Some other way to spot a difference is to negate both expressions. In such case

$$\neg\forall x\forall y (Hxy \to Sx) \quad \text{ is equivalent to } \quad \exists x \exists y (Hxy \land \neg Sx), $$

that means "there exists a non-scientist that hates something", while

$$\neg\forall x ((\forall y Hxy) \to Sx) \quad \text{ is equivalent to } \quad \exists x ((\forall y Hxy) \land \neg Sx), $$ that is, "there exists a non-scientists that hates everything".

Please be aware that it is the quantifier being on the left side of the implication operator $\to$ that changes everything, e.g.,

• $\forall x \forall y (Px \to Qxy)$ is the same as $\forall x (Px \to \forall y Qxy)$,
• $\forall x \forall y (Px \land Qxy)$ is the same as $\forall x (Px \land \forall y Qxy)$,
• $\forall x \forall y (Qxy \land Px)$ is the same as $\forall x (\forall y Qxy \land Px)$,
• of course there are other operators with similar behavior, e.g. $\gets$ (the backward implication).

This phenomenon is related to covariance and contravariance (i.e. the implication operator is contravariant in its left side).
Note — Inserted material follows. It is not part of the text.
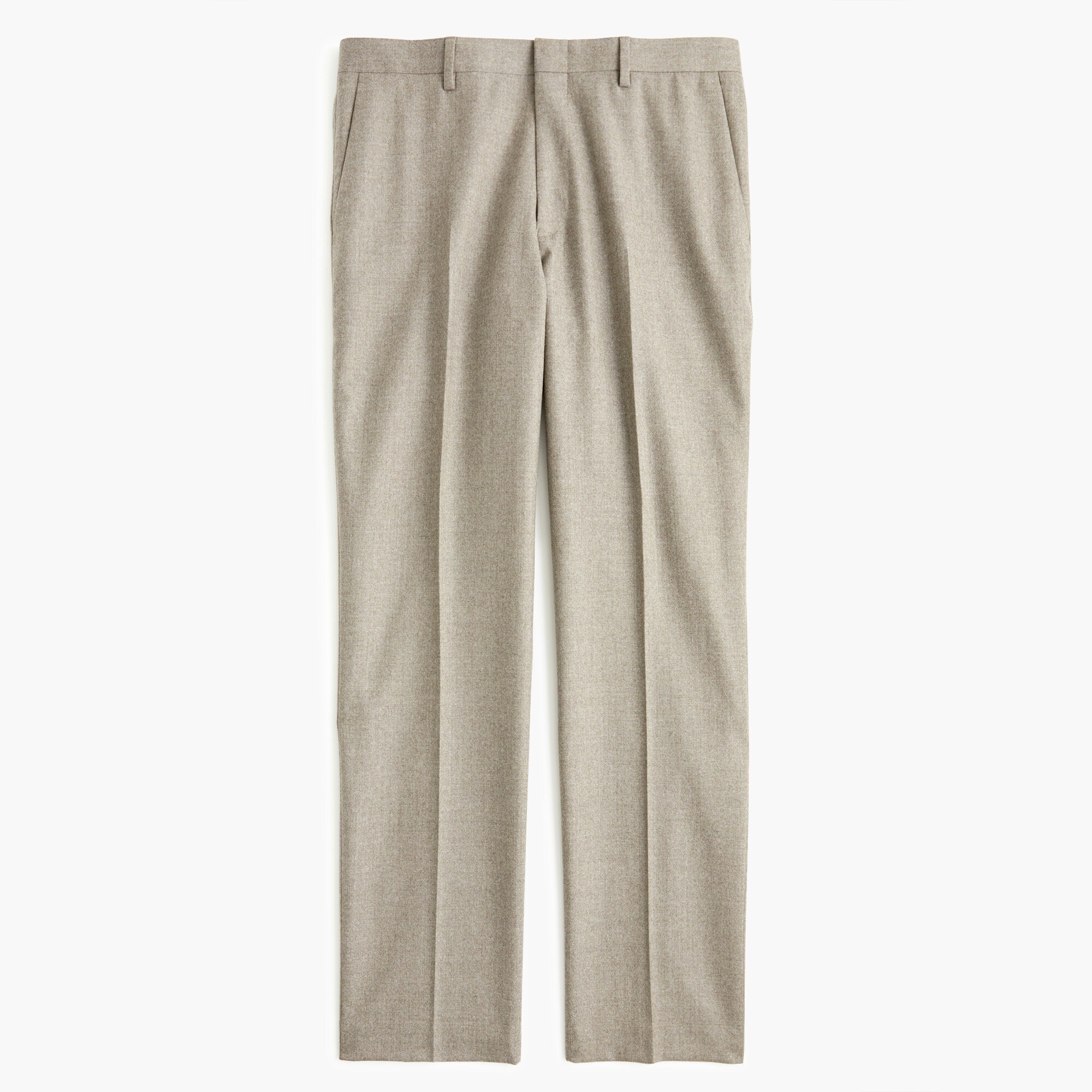 Ludlow Classic-fit suit pant in Italian heathered wool flannel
Some similar issue is also discussed in the comments here.

Edit: On your second question whether

$$∀x.\ \Big(∀y.\ H(x,y)\Big)→S(x) \quad \text{ is equivalent to } \quad ∀x.\ ∃y.\ H(x,y)→S(x).$$

In classical logic yes. We have that $$p \to q \iff \neg p \lor q$$ so \begin{align} \forall x\ \big(\forall y\ &Hxy\big) \to Sx, \\ \big(\forall y\ &H\mathtt{x}y\big) \to S\mathtt{x}, \\ \neg\big(\forall y\ &H\mathtt{x}y\big) \lor S\mathtt{x}, \\ (\exists y\ \neg{\!\!}&H\mathtt{x}y) \lor S\mathtt{x}, \\ \exists y\ (\neg{\!\!}&H\mathtt{x}y \lor S\mathtt{x}), \\ \exists y\ &H\mathtt{x}y \to S\mathtt{x}, \\ \forall x\ \exists y\ &Hxy \to Sx. \end{align}

In non-classical logic I don't know. In some yes (e.g. this is how you implement existential types in Haskell), but things get subtle and I'm not expert enough to write about it.

I hope that helps $\ddot\smile$